*** Opening of Extracted information ***

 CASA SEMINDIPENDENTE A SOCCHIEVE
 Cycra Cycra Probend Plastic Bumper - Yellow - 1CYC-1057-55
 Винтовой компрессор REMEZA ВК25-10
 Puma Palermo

*** Close of Extracted information ***
*** Opening of Extracted information ***

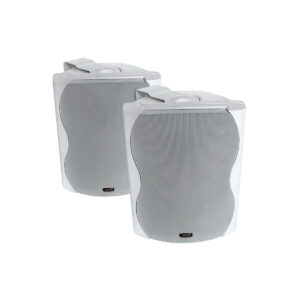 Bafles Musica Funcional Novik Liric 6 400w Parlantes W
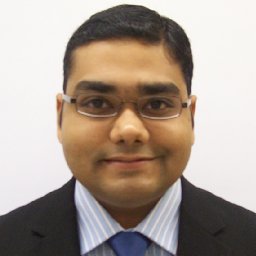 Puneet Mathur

*** Close of Extracted information ***
*** Opening of Extracted information ***

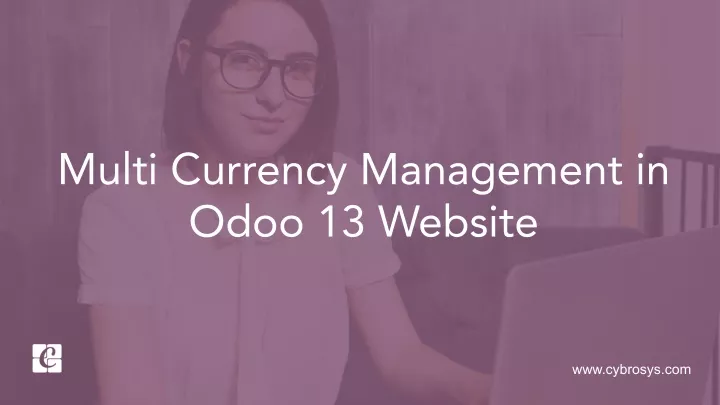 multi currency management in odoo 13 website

*** Close of Extracted information ***

What you give back should be exactly the lines of the data above from the line with "CASA SEMINDIPENDENTE A SOCCHIEVE" through the line with "Puma Palermo", both of those included, and nothing more.

Response to the exercise
 CASA SEMINDIPENDENTE A SOCCHIEVE
 Cycra Cycra Probend Plastic Bumper - Yellow - 1CYC-1057-55
 Винтовой компрессор REMEZA ВК25-10
 Puma Palermo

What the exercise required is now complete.